In Fig. 4, the alpha function is graphed against reduced electric field strength for only the para-substituted anilines in N2 and in air. For clarity, the “low field” mobility values used to generate the alpha curves are listed in Table 2. The third aniline peak in nitrogen is omitted from this graph to allow a direct comparison between drift gas composition. The data for the meta-substituted and ortho-substituted are shown in Fig. S2 and S3. Unsurprisingly, the α function changes in magnitude as a function of size. Stated differently, 4-fluoroaniline has the largest alpha value at high E/N (up to 0.7 for peak 2 in air) whereas 4-iodoaniline exhibits the smallest alpha value at high E/N (0.2 for peak 1 in N2). Similar to Fig. 3, some trends between the peaks are consistent across each halogen substitution.
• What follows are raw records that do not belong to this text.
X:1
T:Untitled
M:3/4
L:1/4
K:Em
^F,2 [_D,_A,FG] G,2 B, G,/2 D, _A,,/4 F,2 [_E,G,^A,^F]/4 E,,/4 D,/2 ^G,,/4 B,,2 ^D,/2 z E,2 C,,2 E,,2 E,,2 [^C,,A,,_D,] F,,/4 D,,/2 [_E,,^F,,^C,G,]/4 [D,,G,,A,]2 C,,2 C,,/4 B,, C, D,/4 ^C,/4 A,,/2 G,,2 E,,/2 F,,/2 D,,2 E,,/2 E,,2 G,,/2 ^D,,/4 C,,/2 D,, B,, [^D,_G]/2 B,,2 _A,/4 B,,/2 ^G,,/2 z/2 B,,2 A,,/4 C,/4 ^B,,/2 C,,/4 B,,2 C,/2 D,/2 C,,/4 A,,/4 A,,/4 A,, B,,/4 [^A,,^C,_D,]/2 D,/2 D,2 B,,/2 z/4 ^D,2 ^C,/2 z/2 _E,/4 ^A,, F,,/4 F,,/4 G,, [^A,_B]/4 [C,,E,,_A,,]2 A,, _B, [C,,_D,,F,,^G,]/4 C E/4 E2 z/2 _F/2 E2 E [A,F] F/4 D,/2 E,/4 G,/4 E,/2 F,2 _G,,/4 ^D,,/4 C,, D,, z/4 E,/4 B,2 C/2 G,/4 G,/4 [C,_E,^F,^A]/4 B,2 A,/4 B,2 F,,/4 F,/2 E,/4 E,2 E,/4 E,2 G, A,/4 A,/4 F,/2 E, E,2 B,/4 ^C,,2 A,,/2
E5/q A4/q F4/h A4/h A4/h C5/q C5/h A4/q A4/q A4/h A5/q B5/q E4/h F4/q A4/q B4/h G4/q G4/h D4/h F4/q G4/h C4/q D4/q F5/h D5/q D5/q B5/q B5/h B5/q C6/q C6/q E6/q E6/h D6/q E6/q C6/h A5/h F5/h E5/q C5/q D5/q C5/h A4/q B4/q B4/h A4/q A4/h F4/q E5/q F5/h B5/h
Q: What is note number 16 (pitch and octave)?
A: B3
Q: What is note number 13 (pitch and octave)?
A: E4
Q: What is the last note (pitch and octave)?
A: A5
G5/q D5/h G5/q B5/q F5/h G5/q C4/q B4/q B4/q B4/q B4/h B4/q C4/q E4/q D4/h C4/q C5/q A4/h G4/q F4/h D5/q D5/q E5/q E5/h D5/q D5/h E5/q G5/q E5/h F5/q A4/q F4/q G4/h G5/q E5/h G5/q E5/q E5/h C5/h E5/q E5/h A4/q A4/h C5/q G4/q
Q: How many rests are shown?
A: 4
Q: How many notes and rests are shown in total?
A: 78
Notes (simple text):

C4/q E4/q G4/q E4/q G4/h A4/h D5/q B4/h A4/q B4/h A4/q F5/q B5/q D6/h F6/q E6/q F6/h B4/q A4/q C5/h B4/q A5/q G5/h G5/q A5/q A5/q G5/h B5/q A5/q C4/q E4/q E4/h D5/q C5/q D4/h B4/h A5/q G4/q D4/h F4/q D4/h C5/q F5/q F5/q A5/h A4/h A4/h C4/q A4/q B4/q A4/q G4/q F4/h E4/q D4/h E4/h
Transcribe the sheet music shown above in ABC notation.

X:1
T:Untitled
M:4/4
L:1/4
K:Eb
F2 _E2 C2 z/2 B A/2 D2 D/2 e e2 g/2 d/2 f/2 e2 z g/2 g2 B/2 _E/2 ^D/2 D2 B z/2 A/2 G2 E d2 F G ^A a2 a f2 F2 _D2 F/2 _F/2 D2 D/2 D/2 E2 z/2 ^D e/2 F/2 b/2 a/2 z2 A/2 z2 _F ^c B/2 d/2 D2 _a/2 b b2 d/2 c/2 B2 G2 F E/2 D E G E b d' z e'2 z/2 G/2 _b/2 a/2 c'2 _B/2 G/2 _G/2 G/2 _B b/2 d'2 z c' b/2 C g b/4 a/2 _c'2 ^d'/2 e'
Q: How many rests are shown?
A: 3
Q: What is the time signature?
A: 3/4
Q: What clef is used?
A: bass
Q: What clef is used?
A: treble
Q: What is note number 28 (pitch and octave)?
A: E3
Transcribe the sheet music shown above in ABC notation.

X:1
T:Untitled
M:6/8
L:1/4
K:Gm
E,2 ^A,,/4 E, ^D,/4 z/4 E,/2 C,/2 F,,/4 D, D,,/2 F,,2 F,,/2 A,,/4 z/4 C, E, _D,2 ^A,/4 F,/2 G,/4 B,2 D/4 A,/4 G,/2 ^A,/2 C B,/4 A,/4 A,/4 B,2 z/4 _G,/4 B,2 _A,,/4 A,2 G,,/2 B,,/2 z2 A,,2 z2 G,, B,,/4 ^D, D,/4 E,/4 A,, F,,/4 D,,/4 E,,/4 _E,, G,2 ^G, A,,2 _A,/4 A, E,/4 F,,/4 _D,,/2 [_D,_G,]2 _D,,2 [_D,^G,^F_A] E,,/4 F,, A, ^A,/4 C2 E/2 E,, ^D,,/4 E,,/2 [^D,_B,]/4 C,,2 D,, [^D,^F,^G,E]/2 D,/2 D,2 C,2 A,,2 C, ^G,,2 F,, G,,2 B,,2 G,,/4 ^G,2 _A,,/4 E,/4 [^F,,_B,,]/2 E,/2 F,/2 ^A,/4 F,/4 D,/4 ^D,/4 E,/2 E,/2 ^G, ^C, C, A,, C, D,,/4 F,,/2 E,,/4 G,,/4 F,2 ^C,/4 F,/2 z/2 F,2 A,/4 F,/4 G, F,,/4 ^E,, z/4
For both peaks in all analytes, measurements in air demonstrate a greater alpha value than those in nitrogen.

Table 2 The first 2 alpha coefficients, the low-field mobility for the alpha function (K0,E=0), and the R2 of the fit of the alpha function to the data for both peaks of all halogenated anilines in N2 are given
  Peak 1 Peak 2
Variable K 0,E=0 (cm2 V−1 s−1) α 2 (× 10−6) (V2 s2 cm−4) α 4 (× 10−10) (V4 s4 cm−8) R 2 K 0,E=0 (cm2 V−1 s−1) α 2 (× 10−6) (V2 s2 cm−4) α 4 (× 10−10) (V4 s4 cm−8) R 2
2-Fluoro 1.914 8.3 ± 0.3 −3.6 ± 0.3 0.884 1.744 5.3 ± 0.2 −2.1 ± 0.1 0.940
3-Fluoro 1.895 9.9 ± 0.3 −4.5 ± 0.3 0.904 1.704 4.6 ± 0.1 −1.7 ± 0.1 0.939
4-Fluoro 1.90 8.4 ± 0.2 −3.4 ± 0.2 0.941 1.70 5.9 ± 0.1 −2.3 ± 0.1 0.946
2-Chloro 1.834 6.7 ± 0.3 −3.0 ± 0.3 0.752 1.695 3.5 ± 0.2 −1.3 ± 0.2 0.838
3-Chloro 1.799 7.5 ± 0.1 −3.5 ± 0.1 0.215 1.626 3.8 ± 0.2 −1.6 ± 0.1 0.098
4-Chloro 1.806 7.8 ± 0.1 −3.2 ± 0.1 0.975 1.602 5.1 ± 0.3 −2.2 ± 0.3 0.997
2-Bromo 1.769 5.7 ± 0.1 −2.4 ± 0.1 0.931 1.638 4.7 ± 0.2 −2.0 ± 0.2 0.775
3-Bromo 1.728 6.2 ± 0.4 −2.7 ± 0.3 0.652 1.564 2.7 ± 0.3 −1.1 ± 0.3 0.358
4-Bromo 1.738 4.8 ± 0.1 −1.4 ± 0.1 0.956 1.539 3.1 ± 0.2 −1.0 ± 0.2 0.845
2-Iodo 1.713 5.0 ± 0.2 −2.2 ± 0.2 0.792 1.588 3.1 ± 0.1 −1.3 ± 0.1 0.825
3-Iodo 1.667 5.8 ± 0.3 −2.7 ± 0.3 0.519 1.507 3.4 ± 0.1 −1.7 ± 0.1 0.707
4-Iodo 1.68 3.9 ± 0.2 −1.1 ± 0.2 0.789 1.48 2.9 ± 0.3 −1.1 ± 0.3 0.360


Additionally, the shapes of the curves differ between each peak for all the anilines. Both peaks exhibit Type A behavior (semi-Gaussian shape), but only peak 1 of each aniline experiences a maximum value (or closely approaches it) for the drift region sweep performed. Peak 2 of all anilines is just a steady increase where only the smaller species show a decreased rate of increase and appear to approach their maximum. Peak 2 of the larger molecules (iodoaniline) have an alpha curve that looks almost exponential because the maximum value is at a higher E/N value than the HiKE-IMS is able to reach.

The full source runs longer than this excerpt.